Retailers can still collect and use data from loyalty programs, customer engagements in their stores and on their sites. It makes retail advertising platforms more valuable than ever. In fact, a major source of growth will come from non-endemic brands that use the platforms not to sell items on store shelves, but only to improve targeting and audience information.
Manufacturer’s profits are high and soar
Manufacturers who have quickly shifted to digital outdoor advertising (OOH) media, theatrical releases, in-store retail media and traditional TV advertising, are seeing their sales increase ahead of their peers. Plus, cuts in physical retail marketing due to reduced foot traffic have freed up dollars for data-driven alternatives.

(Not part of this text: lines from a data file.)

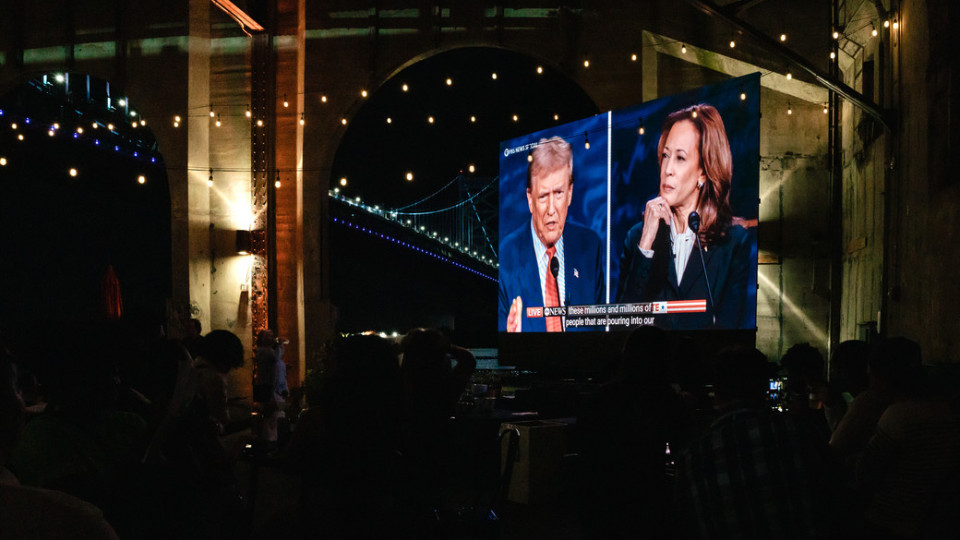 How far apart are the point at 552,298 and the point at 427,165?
19.4m

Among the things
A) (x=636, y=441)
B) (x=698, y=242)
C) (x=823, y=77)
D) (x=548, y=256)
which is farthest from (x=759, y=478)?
(x=548, y=256)

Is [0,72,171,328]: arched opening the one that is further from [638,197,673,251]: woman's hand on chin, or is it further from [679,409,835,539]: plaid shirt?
[679,409,835,539]: plaid shirt

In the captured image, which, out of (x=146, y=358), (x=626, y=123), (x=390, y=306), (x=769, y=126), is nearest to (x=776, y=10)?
(x=769, y=126)

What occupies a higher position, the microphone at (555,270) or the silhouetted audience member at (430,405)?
the microphone at (555,270)

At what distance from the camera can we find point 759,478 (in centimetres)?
186

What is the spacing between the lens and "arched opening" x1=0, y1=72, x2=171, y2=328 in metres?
15.8

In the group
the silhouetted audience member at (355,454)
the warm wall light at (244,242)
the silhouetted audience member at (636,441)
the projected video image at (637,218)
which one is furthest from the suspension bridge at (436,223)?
the silhouetted audience member at (355,454)

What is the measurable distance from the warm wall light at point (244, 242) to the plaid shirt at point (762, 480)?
1060cm

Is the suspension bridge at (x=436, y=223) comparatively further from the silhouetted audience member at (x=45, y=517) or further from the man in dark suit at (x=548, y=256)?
the silhouetted audience member at (x=45, y=517)

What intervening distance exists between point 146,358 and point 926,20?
6.26m

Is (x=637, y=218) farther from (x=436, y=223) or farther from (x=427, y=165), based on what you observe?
(x=436, y=223)

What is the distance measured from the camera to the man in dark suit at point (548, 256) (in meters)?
9.45

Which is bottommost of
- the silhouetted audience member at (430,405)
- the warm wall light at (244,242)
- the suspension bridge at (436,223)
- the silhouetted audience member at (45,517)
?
the silhouetted audience member at (430,405)

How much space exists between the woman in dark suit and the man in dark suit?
61 centimetres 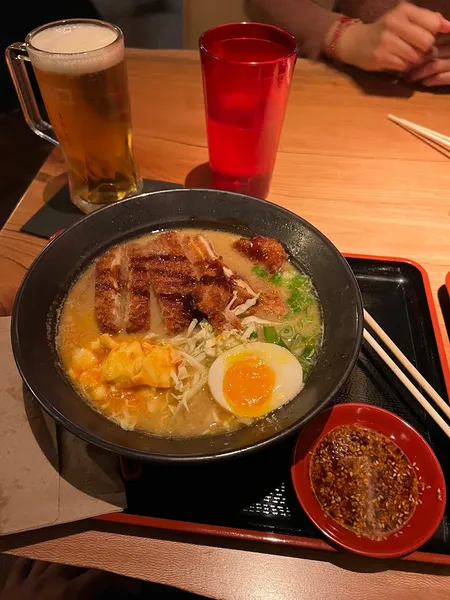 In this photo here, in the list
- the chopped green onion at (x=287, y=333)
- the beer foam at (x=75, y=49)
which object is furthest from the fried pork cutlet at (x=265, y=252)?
the beer foam at (x=75, y=49)

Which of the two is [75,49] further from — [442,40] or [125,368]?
[442,40]

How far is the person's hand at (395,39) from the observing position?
2.37 metres

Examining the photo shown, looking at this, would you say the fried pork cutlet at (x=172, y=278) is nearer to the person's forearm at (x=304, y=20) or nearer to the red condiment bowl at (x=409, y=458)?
the red condiment bowl at (x=409, y=458)

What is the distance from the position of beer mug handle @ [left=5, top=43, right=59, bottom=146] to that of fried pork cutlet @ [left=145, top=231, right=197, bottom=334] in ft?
2.23

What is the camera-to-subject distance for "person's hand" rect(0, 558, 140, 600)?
1731mm

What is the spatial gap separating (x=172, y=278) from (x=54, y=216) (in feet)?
2.15

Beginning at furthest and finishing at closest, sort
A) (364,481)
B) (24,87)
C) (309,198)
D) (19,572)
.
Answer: (309,198) < (19,572) < (24,87) < (364,481)

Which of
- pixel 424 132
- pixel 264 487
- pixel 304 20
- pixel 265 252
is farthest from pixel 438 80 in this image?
pixel 264 487

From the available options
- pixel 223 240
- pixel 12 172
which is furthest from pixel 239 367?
pixel 12 172

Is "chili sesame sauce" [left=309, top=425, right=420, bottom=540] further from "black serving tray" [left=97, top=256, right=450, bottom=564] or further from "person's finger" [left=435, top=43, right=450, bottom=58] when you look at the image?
"person's finger" [left=435, top=43, right=450, bottom=58]

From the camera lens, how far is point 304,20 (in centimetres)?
278

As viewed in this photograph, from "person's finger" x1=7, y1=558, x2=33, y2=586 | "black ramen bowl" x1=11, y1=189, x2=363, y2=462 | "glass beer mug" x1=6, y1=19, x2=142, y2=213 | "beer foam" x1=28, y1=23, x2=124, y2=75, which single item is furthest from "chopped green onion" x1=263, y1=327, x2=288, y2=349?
"person's finger" x1=7, y1=558, x2=33, y2=586

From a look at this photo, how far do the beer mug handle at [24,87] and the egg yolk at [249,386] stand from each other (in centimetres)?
122

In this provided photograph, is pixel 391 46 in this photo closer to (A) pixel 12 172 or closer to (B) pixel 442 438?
(B) pixel 442 438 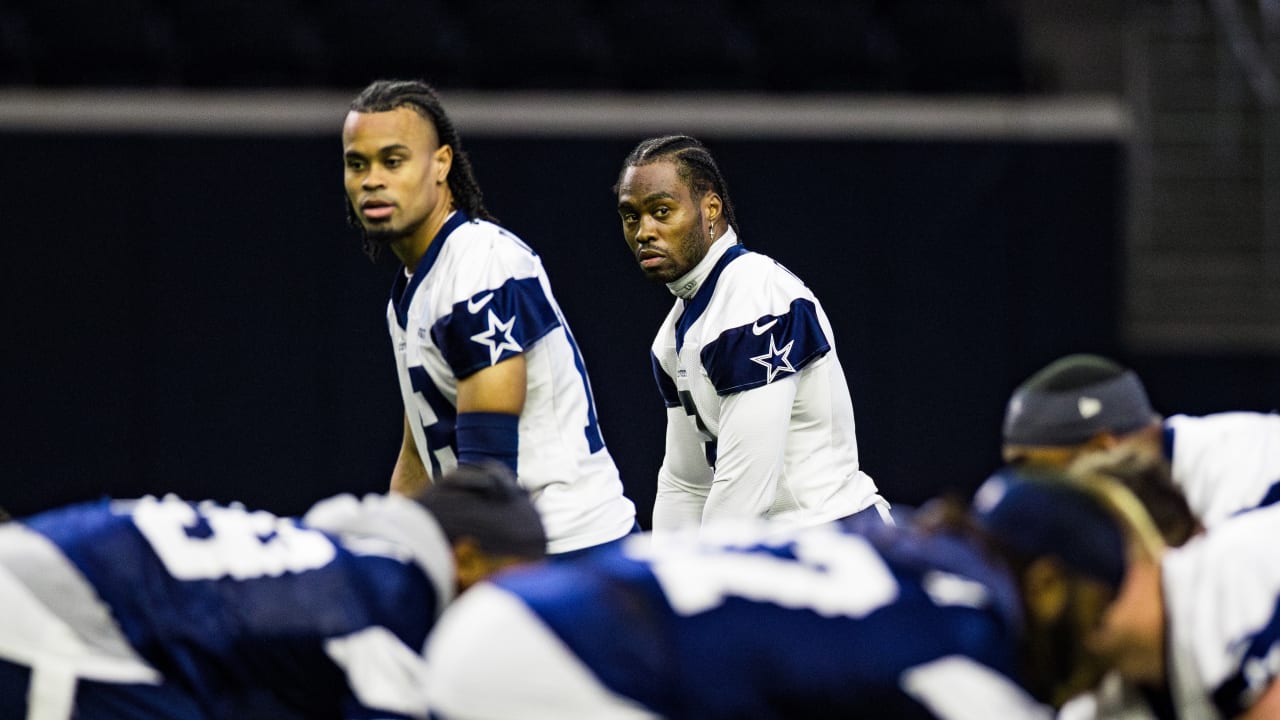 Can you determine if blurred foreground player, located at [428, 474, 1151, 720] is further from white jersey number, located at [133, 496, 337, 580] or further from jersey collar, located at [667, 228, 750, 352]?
jersey collar, located at [667, 228, 750, 352]

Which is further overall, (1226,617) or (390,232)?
(390,232)

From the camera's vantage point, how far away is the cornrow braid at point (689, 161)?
4.26 metres

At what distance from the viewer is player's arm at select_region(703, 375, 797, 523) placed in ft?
12.9

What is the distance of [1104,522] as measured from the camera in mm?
2264

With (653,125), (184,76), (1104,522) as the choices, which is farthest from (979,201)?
(1104,522)

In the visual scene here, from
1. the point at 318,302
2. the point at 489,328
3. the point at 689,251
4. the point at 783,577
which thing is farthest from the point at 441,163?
the point at 318,302

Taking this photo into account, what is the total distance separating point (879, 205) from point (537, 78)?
181cm

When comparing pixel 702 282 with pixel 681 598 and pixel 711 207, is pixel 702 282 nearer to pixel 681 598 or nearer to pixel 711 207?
pixel 711 207

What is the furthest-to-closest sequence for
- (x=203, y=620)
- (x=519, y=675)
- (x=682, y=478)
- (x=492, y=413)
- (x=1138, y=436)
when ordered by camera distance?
1. (x=682, y=478)
2. (x=492, y=413)
3. (x=1138, y=436)
4. (x=203, y=620)
5. (x=519, y=675)

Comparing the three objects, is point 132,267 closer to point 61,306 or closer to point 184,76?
point 61,306

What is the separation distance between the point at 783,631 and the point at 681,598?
0.14 m

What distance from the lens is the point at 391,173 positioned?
394 cm

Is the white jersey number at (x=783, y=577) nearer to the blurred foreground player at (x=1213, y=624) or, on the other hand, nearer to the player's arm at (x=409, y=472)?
the blurred foreground player at (x=1213, y=624)

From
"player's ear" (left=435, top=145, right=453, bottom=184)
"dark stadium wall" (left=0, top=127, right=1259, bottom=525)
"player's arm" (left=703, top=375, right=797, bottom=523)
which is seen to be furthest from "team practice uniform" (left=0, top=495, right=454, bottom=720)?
"dark stadium wall" (left=0, top=127, right=1259, bottom=525) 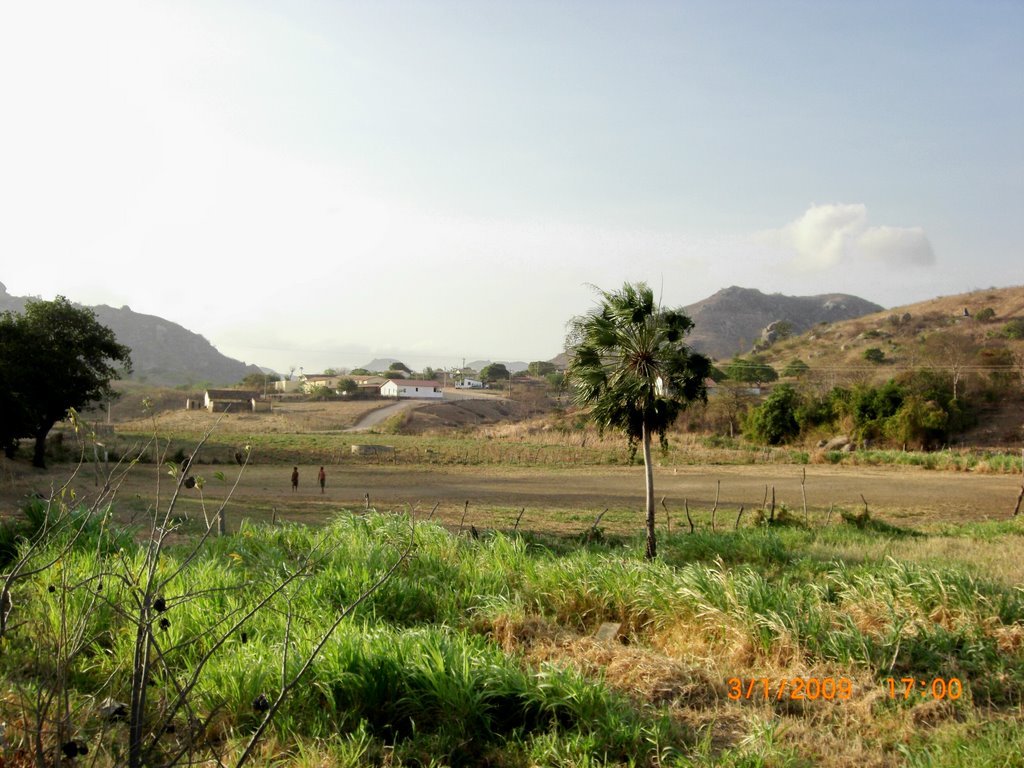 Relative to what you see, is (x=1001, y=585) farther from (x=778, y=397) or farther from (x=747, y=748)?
(x=778, y=397)

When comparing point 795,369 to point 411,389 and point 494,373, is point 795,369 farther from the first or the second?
point 494,373

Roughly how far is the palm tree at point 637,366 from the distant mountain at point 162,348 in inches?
6484

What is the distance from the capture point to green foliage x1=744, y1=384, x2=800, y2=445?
5791cm

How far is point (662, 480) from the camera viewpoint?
130 feet

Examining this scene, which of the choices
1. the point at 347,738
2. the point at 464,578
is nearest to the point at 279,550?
the point at 464,578

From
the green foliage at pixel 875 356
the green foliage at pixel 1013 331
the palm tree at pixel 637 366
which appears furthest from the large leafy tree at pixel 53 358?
the green foliage at pixel 1013 331

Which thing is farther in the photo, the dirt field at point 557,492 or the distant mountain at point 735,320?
the distant mountain at point 735,320

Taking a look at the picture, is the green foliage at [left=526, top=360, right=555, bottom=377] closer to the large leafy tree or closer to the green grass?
the large leafy tree

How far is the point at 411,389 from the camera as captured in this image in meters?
104

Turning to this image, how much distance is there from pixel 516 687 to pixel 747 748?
5.50ft

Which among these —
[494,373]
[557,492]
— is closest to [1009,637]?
[557,492]

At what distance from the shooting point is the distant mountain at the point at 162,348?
172 meters

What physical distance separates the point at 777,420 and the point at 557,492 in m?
30.5

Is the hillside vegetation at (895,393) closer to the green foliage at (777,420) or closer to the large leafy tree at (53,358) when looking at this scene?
the green foliage at (777,420) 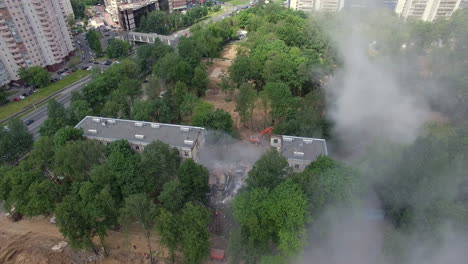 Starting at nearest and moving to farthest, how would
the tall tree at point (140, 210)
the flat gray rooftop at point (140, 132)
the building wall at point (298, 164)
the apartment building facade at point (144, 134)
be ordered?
the tall tree at point (140, 210), the building wall at point (298, 164), the apartment building facade at point (144, 134), the flat gray rooftop at point (140, 132)

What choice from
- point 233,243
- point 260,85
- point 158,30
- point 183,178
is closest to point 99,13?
point 158,30

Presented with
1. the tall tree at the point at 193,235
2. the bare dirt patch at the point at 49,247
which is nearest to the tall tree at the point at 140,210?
the tall tree at the point at 193,235

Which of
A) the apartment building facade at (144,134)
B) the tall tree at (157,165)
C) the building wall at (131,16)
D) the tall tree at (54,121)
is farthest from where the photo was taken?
the building wall at (131,16)

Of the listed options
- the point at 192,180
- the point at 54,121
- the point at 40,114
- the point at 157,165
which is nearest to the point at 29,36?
the point at 40,114

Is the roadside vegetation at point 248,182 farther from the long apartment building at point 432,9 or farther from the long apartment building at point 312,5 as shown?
the long apartment building at point 312,5

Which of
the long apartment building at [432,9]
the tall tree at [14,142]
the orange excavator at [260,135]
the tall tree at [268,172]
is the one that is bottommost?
the orange excavator at [260,135]

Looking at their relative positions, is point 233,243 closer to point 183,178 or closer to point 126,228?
point 183,178

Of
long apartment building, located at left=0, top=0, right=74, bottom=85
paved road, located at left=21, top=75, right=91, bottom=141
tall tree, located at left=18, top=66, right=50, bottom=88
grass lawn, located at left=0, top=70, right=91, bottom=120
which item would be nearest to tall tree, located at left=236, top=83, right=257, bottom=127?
paved road, located at left=21, top=75, right=91, bottom=141

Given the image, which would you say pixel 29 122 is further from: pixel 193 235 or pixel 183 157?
pixel 193 235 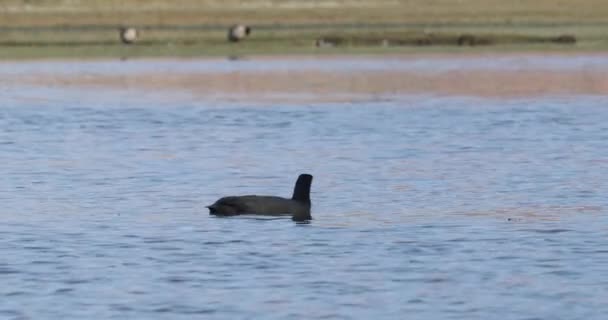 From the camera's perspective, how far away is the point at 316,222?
18.8 meters

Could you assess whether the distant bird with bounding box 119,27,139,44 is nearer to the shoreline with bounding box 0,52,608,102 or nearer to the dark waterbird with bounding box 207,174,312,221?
the shoreline with bounding box 0,52,608,102

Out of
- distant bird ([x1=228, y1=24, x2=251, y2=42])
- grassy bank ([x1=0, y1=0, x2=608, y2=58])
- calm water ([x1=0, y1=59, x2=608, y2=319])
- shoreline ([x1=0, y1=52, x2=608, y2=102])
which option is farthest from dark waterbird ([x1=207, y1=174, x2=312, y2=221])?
distant bird ([x1=228, y1=24, x2=251, y2=42])

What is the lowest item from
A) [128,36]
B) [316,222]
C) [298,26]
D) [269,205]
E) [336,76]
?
[298,26]

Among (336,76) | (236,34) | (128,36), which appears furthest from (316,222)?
(128,36)

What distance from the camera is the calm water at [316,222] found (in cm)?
1389

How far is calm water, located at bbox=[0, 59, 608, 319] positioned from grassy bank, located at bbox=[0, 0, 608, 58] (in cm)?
2753

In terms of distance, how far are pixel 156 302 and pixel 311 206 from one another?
21.7ft

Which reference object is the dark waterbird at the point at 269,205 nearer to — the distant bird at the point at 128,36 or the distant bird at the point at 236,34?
the distant bird at the point at 236,34

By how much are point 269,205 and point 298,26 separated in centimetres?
5315

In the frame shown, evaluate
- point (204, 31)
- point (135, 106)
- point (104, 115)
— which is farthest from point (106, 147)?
point (204, 31)

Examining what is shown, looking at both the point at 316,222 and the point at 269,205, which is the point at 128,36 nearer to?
the point at 269,205

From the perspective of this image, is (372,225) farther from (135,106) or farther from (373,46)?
(373,46)

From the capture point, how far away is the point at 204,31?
232 feet

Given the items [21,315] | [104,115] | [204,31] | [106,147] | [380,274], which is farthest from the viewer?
[204,31] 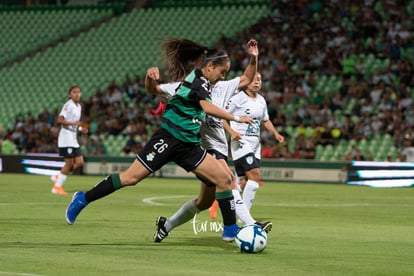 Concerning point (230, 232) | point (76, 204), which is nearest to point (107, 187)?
point (76, 204)

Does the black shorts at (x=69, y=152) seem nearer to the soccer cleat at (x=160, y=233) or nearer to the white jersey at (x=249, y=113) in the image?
the white jersey at (x=249, y=113)

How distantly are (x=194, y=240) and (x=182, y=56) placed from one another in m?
2.32

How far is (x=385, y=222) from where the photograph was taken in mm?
15422

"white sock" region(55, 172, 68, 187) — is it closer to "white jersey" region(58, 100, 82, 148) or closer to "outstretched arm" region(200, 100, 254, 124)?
"white jersey" region(58, 100, 82, 148)

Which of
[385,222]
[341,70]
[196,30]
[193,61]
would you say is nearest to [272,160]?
[341,70]

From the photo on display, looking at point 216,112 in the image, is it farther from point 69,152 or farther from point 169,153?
point 69,152

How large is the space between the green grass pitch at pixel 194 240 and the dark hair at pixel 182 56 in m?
2.07

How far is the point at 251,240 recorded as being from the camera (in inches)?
398

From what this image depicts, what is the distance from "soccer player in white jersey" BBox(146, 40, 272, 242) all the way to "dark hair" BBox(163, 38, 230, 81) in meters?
0.31

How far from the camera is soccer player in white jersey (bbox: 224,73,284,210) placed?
14461 mm

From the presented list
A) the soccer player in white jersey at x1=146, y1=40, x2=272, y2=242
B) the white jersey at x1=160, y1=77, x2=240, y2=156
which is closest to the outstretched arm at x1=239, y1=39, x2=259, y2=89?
the soccer player in white jersey at x1=146, y1=40, x2=272, y2=242

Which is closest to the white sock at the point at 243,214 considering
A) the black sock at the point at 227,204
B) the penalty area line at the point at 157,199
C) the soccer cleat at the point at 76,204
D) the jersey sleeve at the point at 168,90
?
the black sock at the point at 227,204

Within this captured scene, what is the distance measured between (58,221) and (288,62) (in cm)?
2229

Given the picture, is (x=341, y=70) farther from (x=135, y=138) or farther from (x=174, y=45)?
(x=174, y=45) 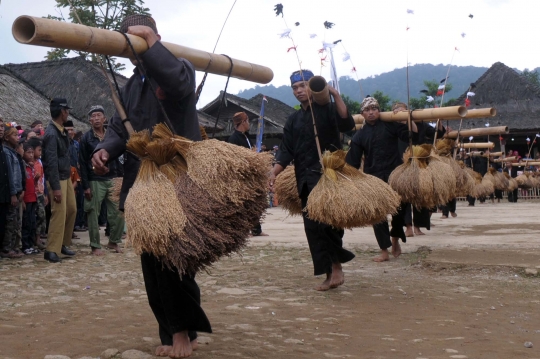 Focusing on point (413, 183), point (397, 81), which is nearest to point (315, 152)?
point (413, 183)

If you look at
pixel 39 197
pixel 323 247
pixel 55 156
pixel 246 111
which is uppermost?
pixel 246 111

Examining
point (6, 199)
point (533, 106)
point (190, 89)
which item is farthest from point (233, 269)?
point (533, 106)

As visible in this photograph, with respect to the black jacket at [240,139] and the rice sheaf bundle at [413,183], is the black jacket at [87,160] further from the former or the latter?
the rice sheaf bundle at [413,183]

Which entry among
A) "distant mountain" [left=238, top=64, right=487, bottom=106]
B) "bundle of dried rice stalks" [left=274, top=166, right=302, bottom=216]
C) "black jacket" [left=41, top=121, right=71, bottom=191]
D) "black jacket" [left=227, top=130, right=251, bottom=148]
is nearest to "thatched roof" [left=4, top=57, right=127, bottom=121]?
"black jacket" [left=227, top=130, right=251, bottom=148]

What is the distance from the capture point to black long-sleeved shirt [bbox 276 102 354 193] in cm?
607

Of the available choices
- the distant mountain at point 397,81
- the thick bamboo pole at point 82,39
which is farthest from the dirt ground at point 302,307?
the distant mountain at point 397,81

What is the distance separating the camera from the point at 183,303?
371cm

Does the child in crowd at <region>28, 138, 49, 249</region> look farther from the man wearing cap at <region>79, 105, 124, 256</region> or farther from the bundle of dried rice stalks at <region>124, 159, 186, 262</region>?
the bundle of dried rice stalks at <region>124, 159, 186, 262</region>

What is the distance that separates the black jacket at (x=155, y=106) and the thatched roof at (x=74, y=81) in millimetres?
17965

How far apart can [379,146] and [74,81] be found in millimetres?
17486

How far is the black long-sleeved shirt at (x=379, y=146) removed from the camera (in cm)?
789

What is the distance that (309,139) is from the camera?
619cm

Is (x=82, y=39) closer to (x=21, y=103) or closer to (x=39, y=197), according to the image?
(x=39, y=197)

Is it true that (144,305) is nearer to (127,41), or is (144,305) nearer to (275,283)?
(275,283) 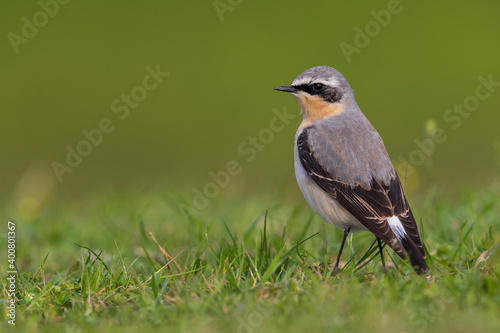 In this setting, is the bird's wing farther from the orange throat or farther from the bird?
the orange throat

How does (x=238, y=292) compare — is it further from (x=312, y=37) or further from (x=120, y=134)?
(x=312, y=37)

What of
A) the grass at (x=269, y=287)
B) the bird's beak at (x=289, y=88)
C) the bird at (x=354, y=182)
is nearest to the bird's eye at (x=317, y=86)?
the bird's beak at (x=289, y=88)

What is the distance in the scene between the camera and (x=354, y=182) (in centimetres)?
691

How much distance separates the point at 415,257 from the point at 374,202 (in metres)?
0.68

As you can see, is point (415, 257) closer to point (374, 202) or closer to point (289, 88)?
point (374, 202)

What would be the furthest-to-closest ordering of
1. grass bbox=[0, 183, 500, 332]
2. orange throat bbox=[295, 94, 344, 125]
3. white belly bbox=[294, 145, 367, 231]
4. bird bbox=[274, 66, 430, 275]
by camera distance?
Result: orange throat bbox=[295, 94, 344, 125], white belly bbox=[294, 145, 367, 231], bird bbox=[274, 66, 430, 275], grass bbox=[0, 183, 500, 332]

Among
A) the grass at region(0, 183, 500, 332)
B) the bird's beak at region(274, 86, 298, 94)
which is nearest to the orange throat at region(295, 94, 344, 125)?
the bird's beak at region(274, 86, 298, 94)

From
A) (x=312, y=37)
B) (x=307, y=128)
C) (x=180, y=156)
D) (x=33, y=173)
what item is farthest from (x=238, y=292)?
(x=312, y=37)

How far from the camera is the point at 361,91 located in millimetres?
22172

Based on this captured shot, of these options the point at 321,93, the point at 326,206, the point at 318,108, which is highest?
the point at 321,93

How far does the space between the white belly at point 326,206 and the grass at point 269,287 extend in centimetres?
29

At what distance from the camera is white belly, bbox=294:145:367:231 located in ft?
23.0

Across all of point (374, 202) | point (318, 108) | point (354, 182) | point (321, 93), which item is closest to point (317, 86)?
point (321, 93)

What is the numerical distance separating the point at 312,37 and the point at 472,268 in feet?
59.6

As ad spend has shifted to digital platforms, advertisers have become accustomed to clear measures of return on investment, especially retail advertising platforms. Brands will take a critical look at ad spend that generates lower ROI; And the ad platforms that have helped preserve profitability in a downturn will continue to win, at least until mainstream media proves they deserve the expense instead.
Vaccinated shoppers will be returning to physical stores, but online shopping is not going anywhere. New habits have been formed which provide more speed and convenience. The coming years will bring not only more advertising platforms for retailers, but also increasingly sophisticated targeting capabilities, performance metrics and in-store attribution models. When you consider how digital advertising platforms can use the data of what’s going on inside, brands that choose to invest in that information will be richly rewarded.